26 Mart 2015 Perşembe

YUSUF UĞUR UĞUREL



(24 Ocak 1982, İstanbul - )


       İlk, orta ve lise eğitimini sırasıyla Hasan Ali Yücel İlkokulu, Ata Lisesi ve Şişli Terakki Lisesi’nde tamamladı. İki yıl Yıldız Teknik Üniversitesi Makine Fakültesi Gemi İnşaatı Mühendisliği Bölümü’ne devam ettikten sonra 2002 yılında buradan ayrılarak Galatasaray Üniversitesi Fen-Edebiyat Fakültesi Felsefe Bölümü’ne girdi, öğrenci değişim programıyla bir dönem Paris 1 Panthéon-Sorbonne Üniversitesi’nde okudu. Haziran 2008’de Galatasaray Üniversitesi’nden mezun oldu. 2015 yılında şair Bengü Özsoy ile evlendi. 

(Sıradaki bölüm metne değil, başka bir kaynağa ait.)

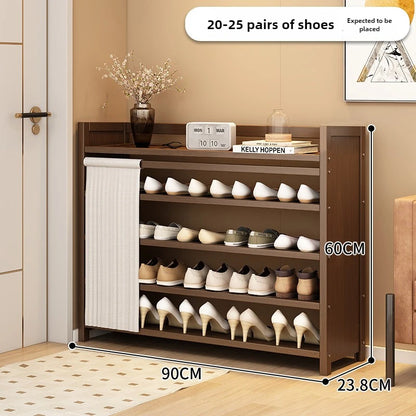 Free installation shoe rack indoor simple folding household multi-layer dustproof rental room shoe storage artifact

       İlk şiiri küçük İskender tarafından Varlık dergisinde “Rimbaud'larla Baş Başa” adlı sayfalarda yayımlandı. Ayrıca Yasakmeyve dergisinin “Şairin Genci” adlı bölümünde Selim İleri ve Haydar Ergülen'in birer takdim yazısıyla beraber üç şiiri yayımlandı. Şiirleri, Bireylikler, Esmer, Gard Şiir, Harfadam, Hayâl, Kaçak Yayın, Karagöz, Mavi Liman, Özgür Edebiyat, Papirüs, Rüzgâr, Varlık, Yasakmeyve, Yazılıkaya, Yeniyazı vb. gibi dergi, fanzin, gazete ve eklerinde yayımlandı.

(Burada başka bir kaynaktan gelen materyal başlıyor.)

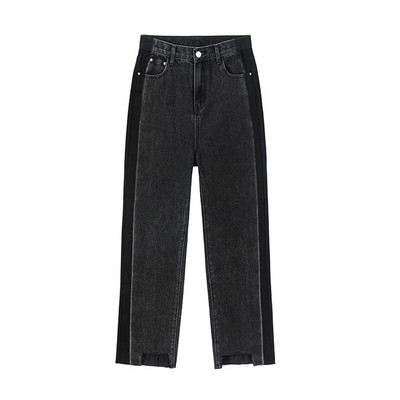 2023 Naine, laia sääre ja kõrge vöökohaga teksad Harajuku kontrastses värvis Denim Sirge vintage tänavarõivad Summer Mom Naiste teksad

Ödülleri: “Ontopoetik Yumak” adlı ilk kitap dosyası, 2006 Yaşar Nabi Nayır Gençlik Ödülleri'nde dikkate değer görüldü. “Yağmuru Bekleme Odası” adlı dosyasıyla 2007 Yaşar Nabi Nayır Gençlik Ödülü’nü kazandı.
Yapıtları:
Şiir Kitapları:
& Yağmuru Bekleme Odası (2007, Varlık Yayınları, İst., 88 s.)
& Oysa Bu Yapraklar Beni İyileştirmeyecek (2014, Komşu Yayınları: 210, Yasakmeyve Şiir Dizisi: 138, İst., 200 s.)

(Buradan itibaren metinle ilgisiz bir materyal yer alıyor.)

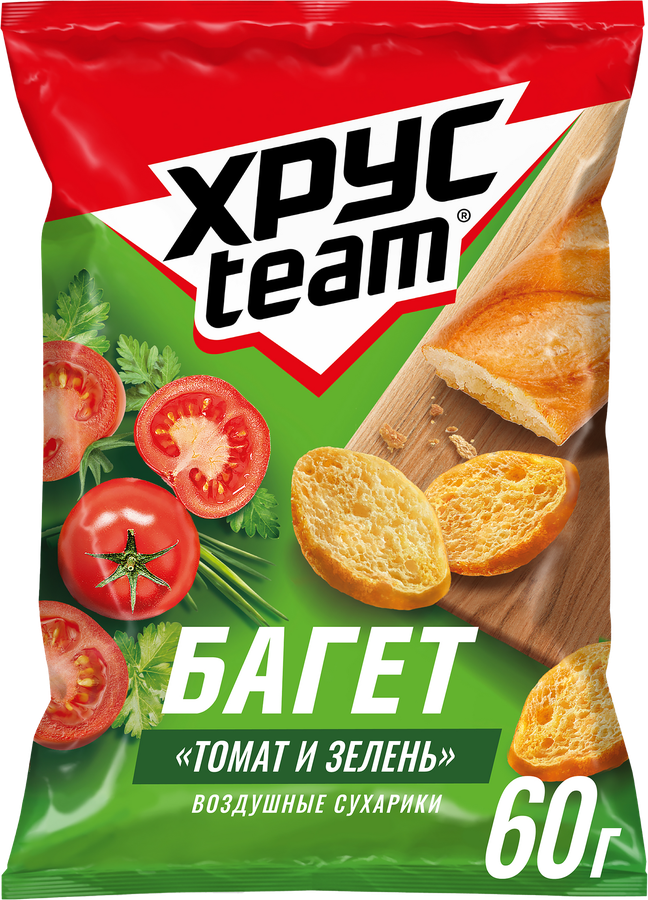 Сухарики ХРУСTEAM багет Томат и зелень, 60г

Şiir Hakkındaki Düşünceleri:

ü  “Bence şiir, birinci tekil şahsın icraatı zaten. Bu anlayış üzerinden eklemek istediğim bir şey var ki bunu da ölümün benim şiirimdeki kurucu konumuna bağlayabilirim belki. Bana göre şiir; ne öğretilebilir, ne de öğrenilebilir bir şeydir. Bir şairden, şiir yazmayı öğrenemezsiniz. Olsa olsa; şairliği sosyal bir statü olarak kullanmayan, sadece bir sıfat olarak taşımayan, bizatihi ruhundan önce bedeni şair olan birinden hayatta kalmayı öğrenebilirsiniz. Hiç kan bağınız olmayan birine tutar baba dersiniz, abi dersiniz, kardeşim dersiniz. Hayatta kalmayı öğrenirsiniz, öğretirsiniz; usulünce can çekişmeyi, kırılmadan aynaya bakmayı, vakitlice ölmeyi; ölü bedeninizi, ölümünüzü, ölülerinizi kâğıda yatırmayı ve daha başka bir sürü dikey şeyi. Bu manada; şiir, kâğıda yatırdığım ölümdür.”